While a changing magnetic field will produce an electric field, a changing electric field also produces a magnetic field.  When combined, changing electric and magnetic fields form something of a symbiotic relationship which produces an electromagnetic wave.  An example of such is below.

E = electric field, B = magnetic field. Credit: Wiki Commons

The term electromagnetic (EM) wave may sound foreboding, but we experience these waves in our daily lives in the form of radio, microwave, light, ultraviolet, and x-rays.  What differentiates between one type of wave and another is the wavelength.  Long wavelength radiation, such as radio, are low in energy while short wavelength radiation, such as x-rays, are high in energy.

Credit: NASA

During Maxwell’s life, light (visible, infrared, and ultraviolet) was the only EM radiation known to exist.  The hallmark of a valid theory is to make successful predictions and in Maxwell’s case, his theory predicted other forms of electromagnetic radiation that would have the same properties as light.  That it could be diffracted, reflected, polarized, and would have the same velocity.  Heinrich Hertz discovered radio and microwaves in 1888, Wilhelm Roentgen discovered x-rays in 1895, and Paul Villard discovered gamma rays in 1900.  Astronomers, no longer restricted to observing the universe in the optical range of the EM spectrum, now use an armada of radio, infrared, ultraviolet, and x-ray telescopes to obtain a much deeper understanding of the heavens.  The video below demonstrates how the Crab Nebula appears in various parts of the EM spectrum.
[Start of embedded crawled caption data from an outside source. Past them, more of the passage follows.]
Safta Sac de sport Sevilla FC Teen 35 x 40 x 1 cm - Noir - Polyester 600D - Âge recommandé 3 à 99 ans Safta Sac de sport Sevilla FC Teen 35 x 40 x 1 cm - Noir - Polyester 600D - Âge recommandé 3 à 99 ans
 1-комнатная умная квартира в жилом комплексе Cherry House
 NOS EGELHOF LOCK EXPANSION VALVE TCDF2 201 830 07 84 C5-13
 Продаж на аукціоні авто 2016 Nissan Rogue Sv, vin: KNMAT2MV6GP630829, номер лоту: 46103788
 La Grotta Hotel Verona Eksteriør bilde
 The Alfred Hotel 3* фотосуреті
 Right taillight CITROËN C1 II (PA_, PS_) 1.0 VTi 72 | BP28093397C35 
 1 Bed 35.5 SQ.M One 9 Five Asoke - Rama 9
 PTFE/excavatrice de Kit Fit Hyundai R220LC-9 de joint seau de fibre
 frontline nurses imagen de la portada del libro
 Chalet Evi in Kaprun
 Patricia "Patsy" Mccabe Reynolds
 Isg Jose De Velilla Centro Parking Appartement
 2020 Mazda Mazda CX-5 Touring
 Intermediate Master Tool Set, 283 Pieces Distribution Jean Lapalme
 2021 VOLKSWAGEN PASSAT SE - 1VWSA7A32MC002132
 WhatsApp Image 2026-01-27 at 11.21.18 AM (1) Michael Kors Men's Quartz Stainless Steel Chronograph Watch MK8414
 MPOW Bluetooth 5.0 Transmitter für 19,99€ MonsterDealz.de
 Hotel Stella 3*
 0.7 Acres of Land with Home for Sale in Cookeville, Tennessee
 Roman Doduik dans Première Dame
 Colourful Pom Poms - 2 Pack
Another prediction from Maxwell’s work would spark a revolution in physics in the 20th century.  His equations calculated the speed of light (or any other EM wave) to be a constant at 3.00 × 108 m/s (186,282 miles per second).  The key here is the word constant, which means the speed of light is the same regardless of your velocity towards or away from it.  To use an analogy, if you are driving on a highway at a speed of 60 mph, and the car in the next lane is traveling at 65 mph, you will be passed by that vehicle at a rate of 5 mph.  Now, lets pretend you are traveling in a car exactly 5 mph less than the speed of light.  If a light beam was next to you, your life experience would make you think the light, just like the car, would pass you at a rate of 5 mph.  However, your intuition would be wrong, the light beam would pass you at the speed of light just the same as if you were standing still. 

What gives?

This was a mystery that baffled physicists for half a century and one reason it took a few decades for Maxwell’s work to be fully accepted.  Maxwell predicted EM radiation could travel in a vacuum at the speed of light.  The prevailing wisdom at the time was EM radiation would need a medium, such as air provides for a sound wave, and it would travel at different velocities relative to its direction in the medium then referred to as ether.  In 1887, Albert Michelson and Edward Morley performed an experiment that would measure the speed of light throughout the year as the Earth orbited the Sun.  The concept was to make measurements while the Earth was moving in various directions.  The speed of light was expected to be faster as the Earth moved in a direction opposite the ether was moving in.  The experiment detected no change in the velocity of light and thus, no medium for light to travel in.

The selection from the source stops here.